WHAT IS REQUIRED: Write all entries out exactly, images excluded.

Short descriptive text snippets
▬▬▬▬▬▬▬▬▬▬

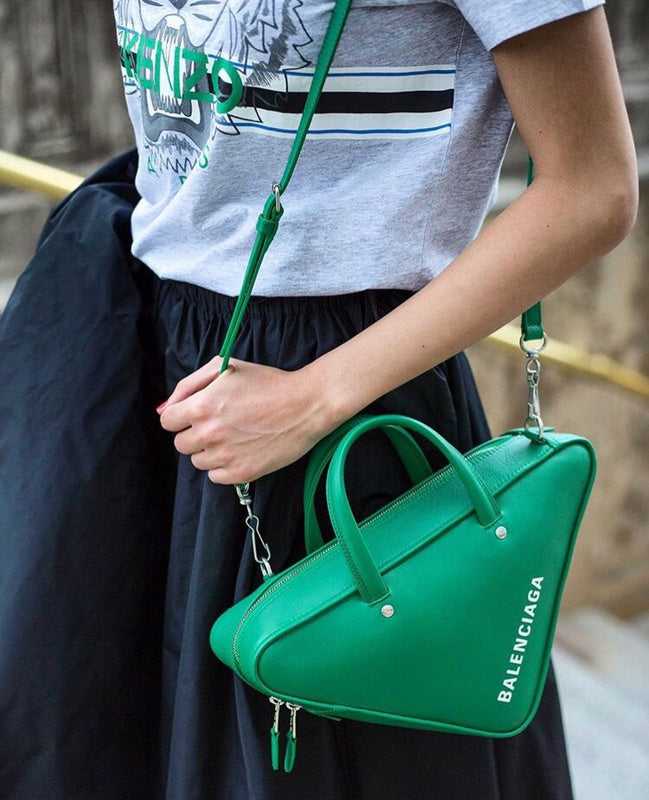 Glami- - BG Bags - 094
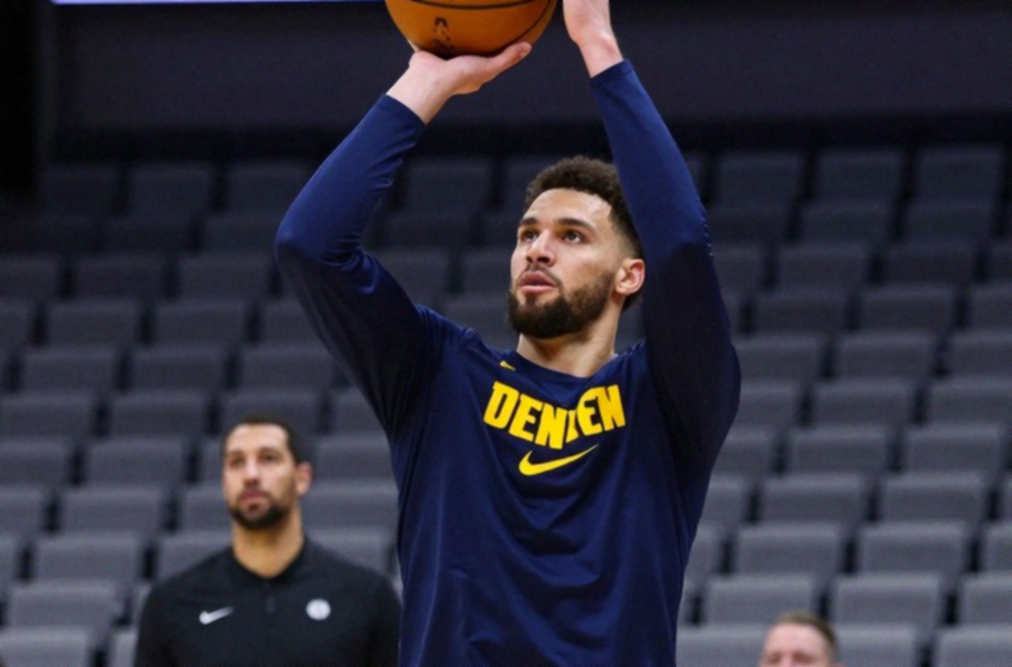 Dru Smith bỏ ngỏ ngày khai mạc: vấn đề thật của Miami Heat nằm ở Davion Mitchell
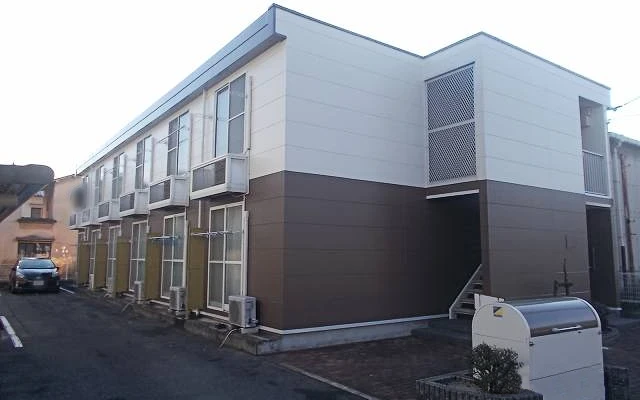 センチュリー２１ 0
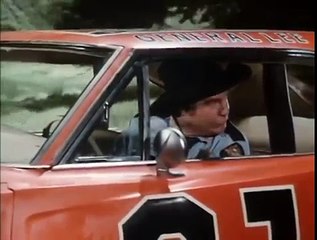 Roscoe P. Coltrane compilation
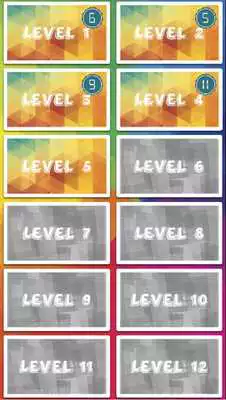 Play Lets Find The Same
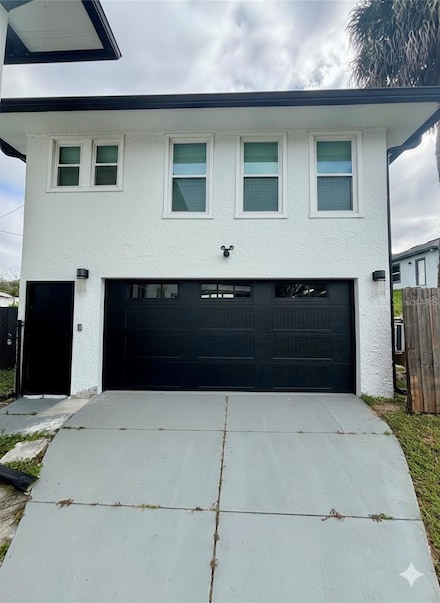 1515 Lake Eva Cir, Haines City, FL 33844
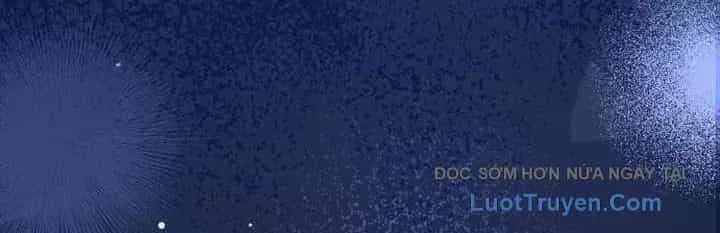 Không Gian Đặc Biệt Của Luật Sư Bình Dị - Chương 21 - ảnh 221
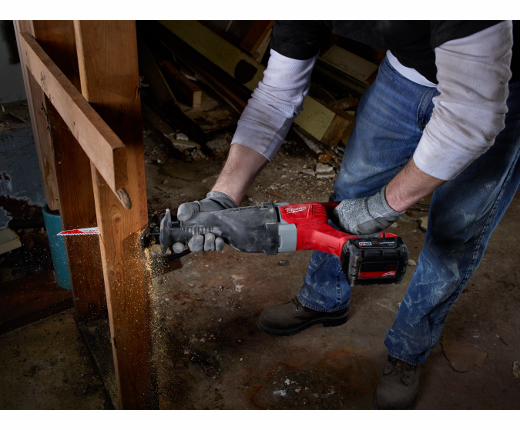 Gallery Image 10 - 4520934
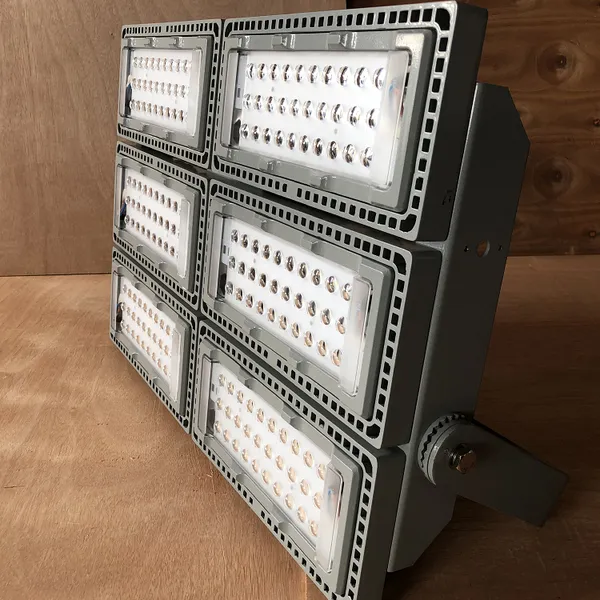LED��ˮ������ �۳����������� 300W 500W����ʽ�����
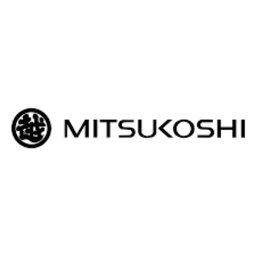 Mitsukoshi USA Inc.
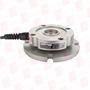 LOAD CELL CENTRAL SPWE-CA-50K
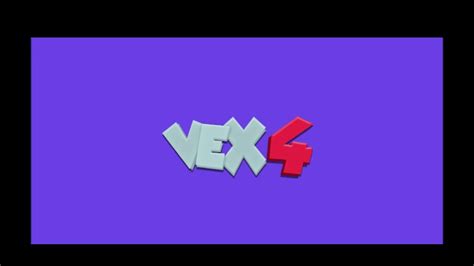 Vex 4 Gameplay Pt1 Youtube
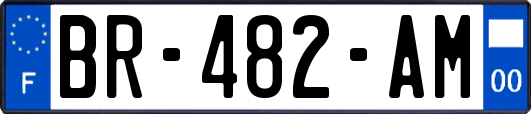 BR-482-AM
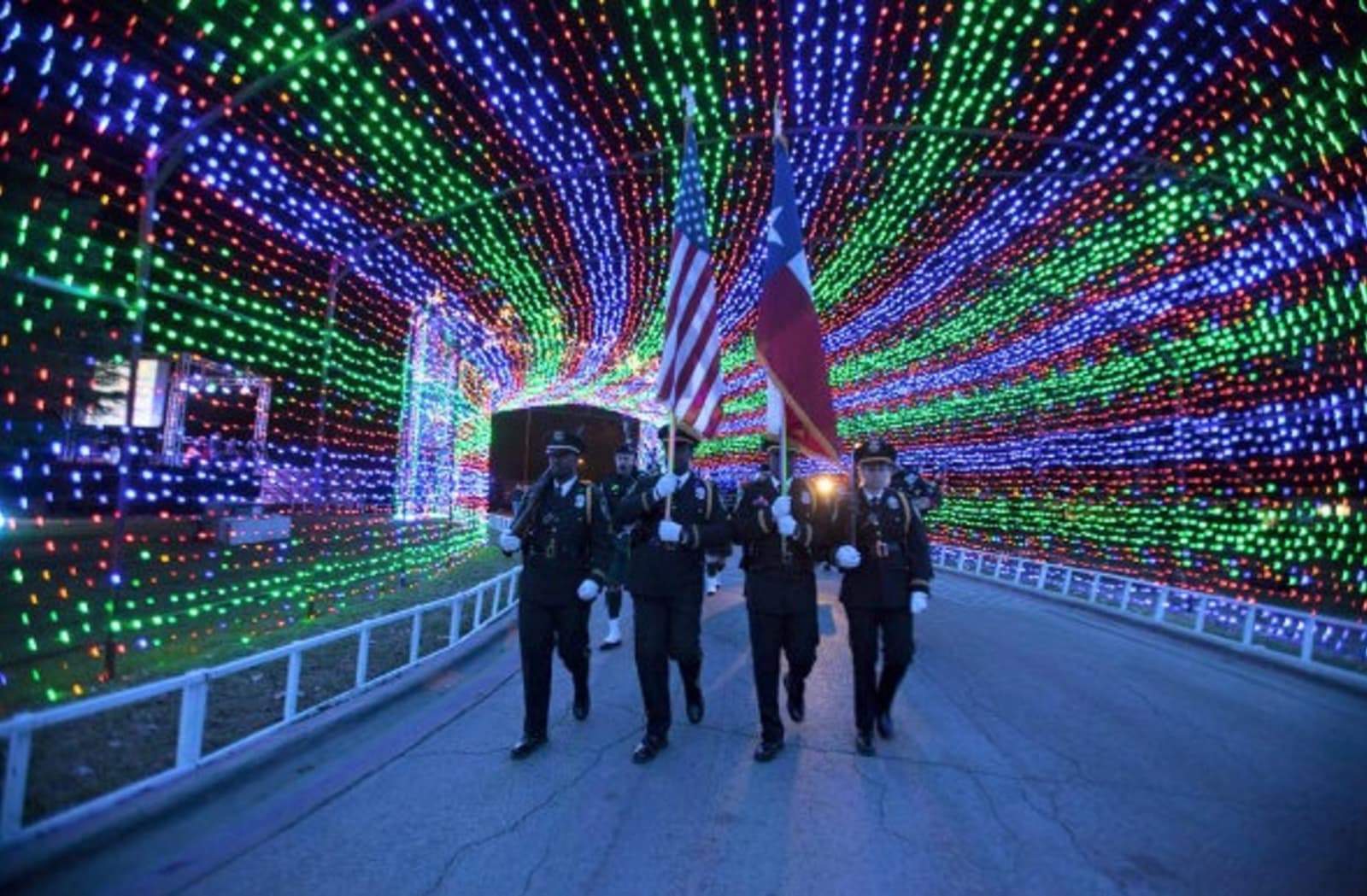 texas-trail-of-lights.jpg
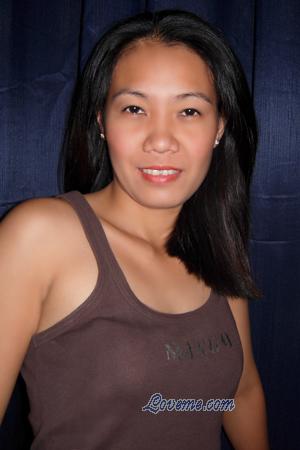 Philippines women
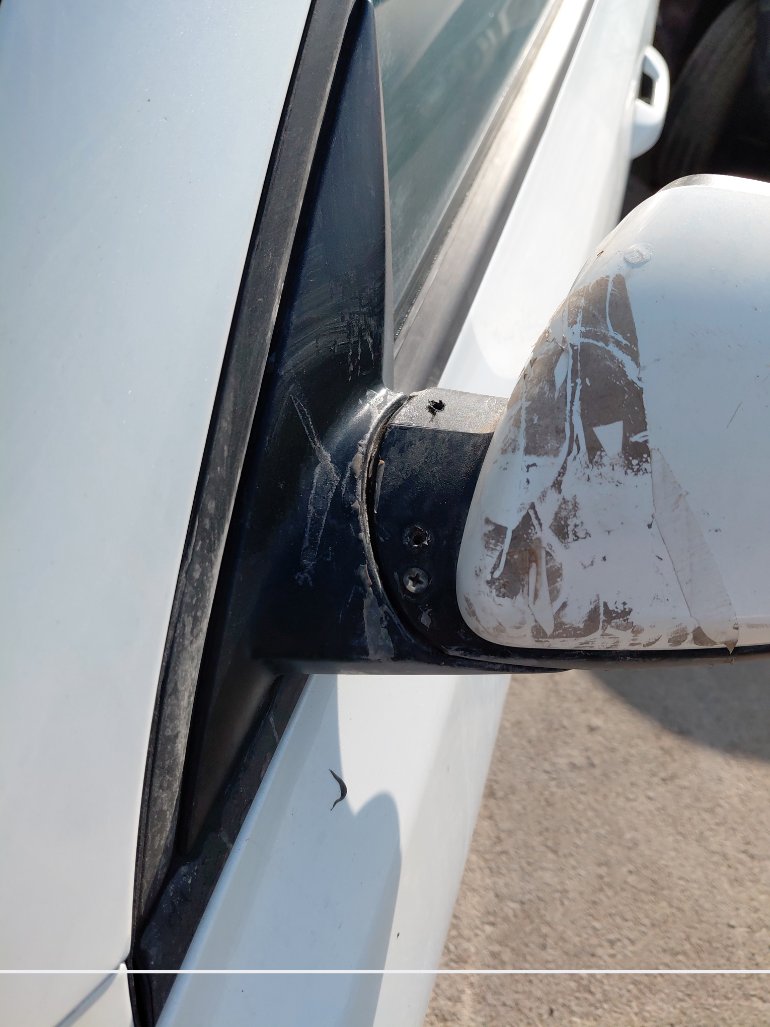 KIA Cerato FLEET  2021 image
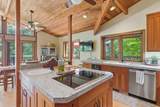 856 Greentree Loop - Photo 17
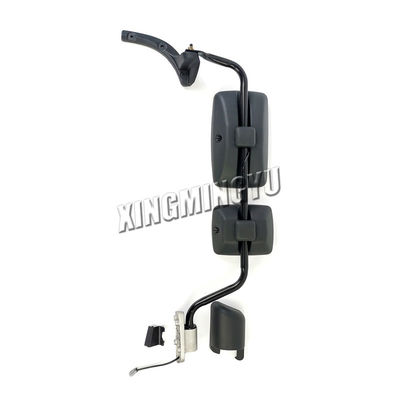 Side Mirror Assembly for ISUZU NKR NPR NHR NQR Truck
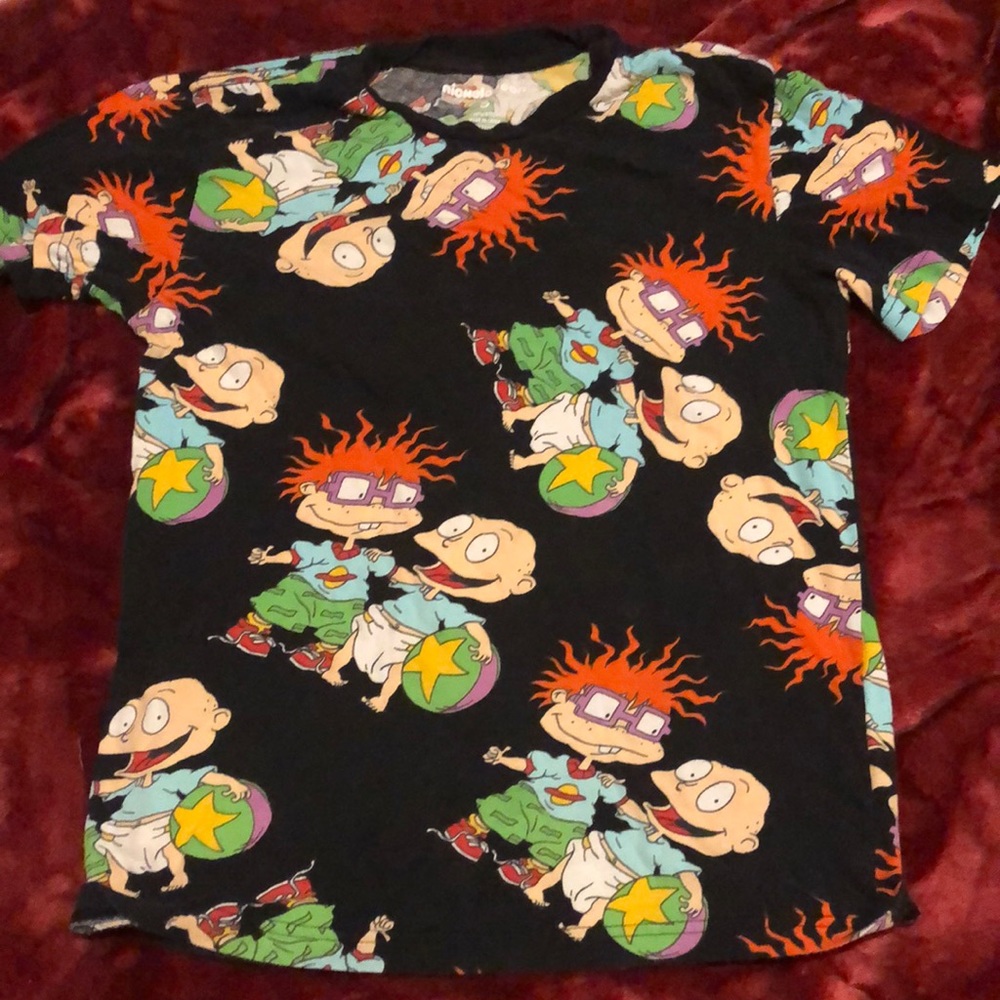 Tshirt
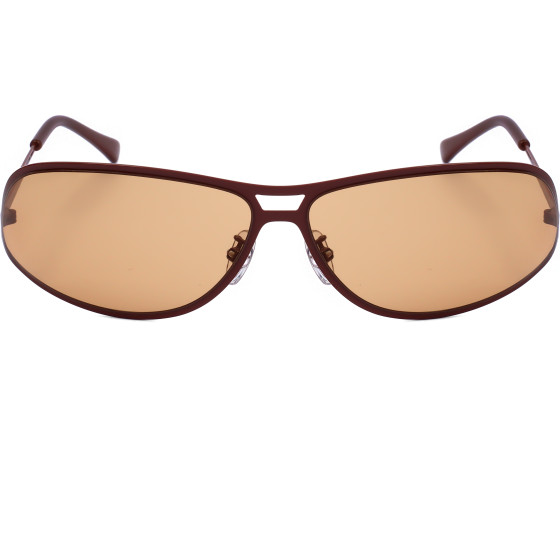 Stella Mccartney Sunglasses 45E (67/12/120) - (SC40071U)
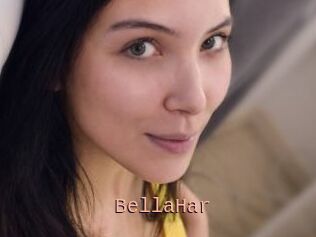 BellaHar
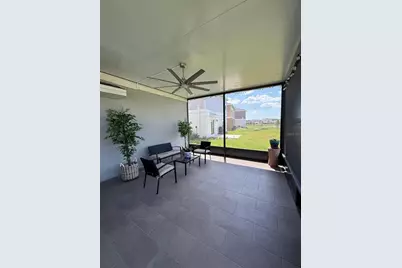 5617 Gingham Drive, Kissimmee, FL 34758 - Photo 29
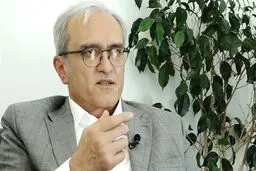 ۲۰ میلیون دوز فایزر در راه ایران
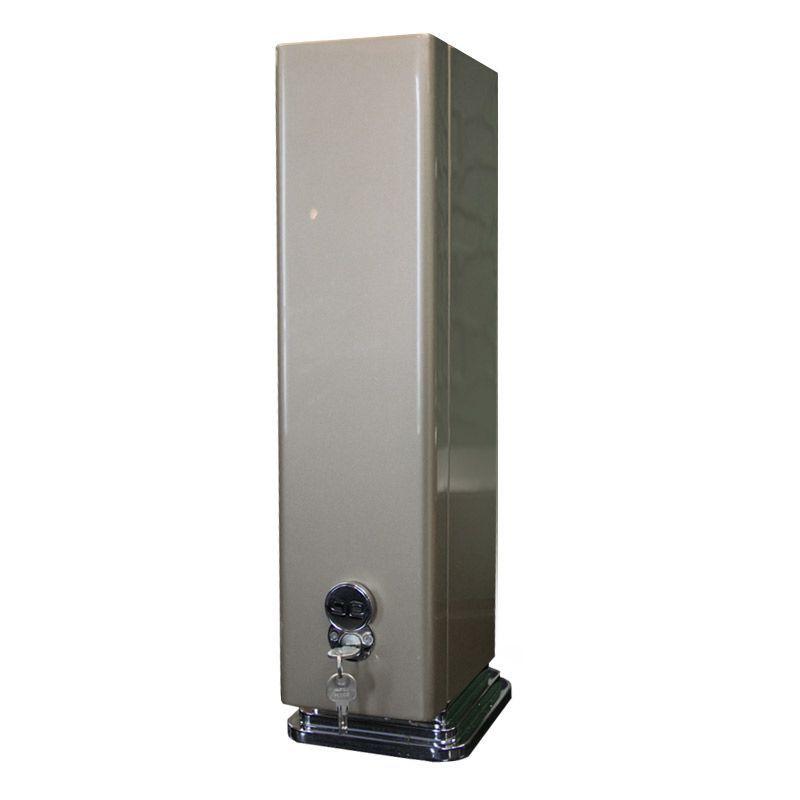 Стойка Armando G TUBE 4.0 lak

▬▬▬▬▬▬▬▬▬▬

EXERCISE ANSWER:
 Glami- - BG Bags - 094
 Dru Smith bỏ ngỏ ngày khai mạc: vấn đề thật của Miami Heat nằm ở Davion Mitchell
 センチュリー２１ 0
 Roscoe P. Coltrane compilation
 Play Lets Find The Same
 1515 Lake Eva Cir, Haines City, FL 33844
 Không Gian Đặc Biệt Của Luật Sư Bình Dị - Chương 21 - ảnh 221
 Gallery Image 10 - 4520934
LED��ˮ������ �۳����������� 300W 500W����ʽ�����
 Mitsukoshi USA Inc.
 LOAD CELL CENTRAL SPWE-CA-50K
 Vex 4 Gameplay Pt1 Youtube
 BR-482-AM
 texas-trail-of-lights.jpg
 Philippines women
 KIA Cerato FLEET  2021 image
 856 Greentree Loop - Photo 17
 Side Mirror Assembly for ISUZU NKR NPR NHR NQR Truck
 Tshirt
 Stella Mccartney Sunglasses 45E (67/12/120) - (SC40071U)
 BellaHar
 5617 Gingham Drive, Kissimmee, FL 34758 - Photo 29
 ۲۰ میلیون دوز فایزر در راه ایران
 Стойка Armando G TUBE 4.0 lak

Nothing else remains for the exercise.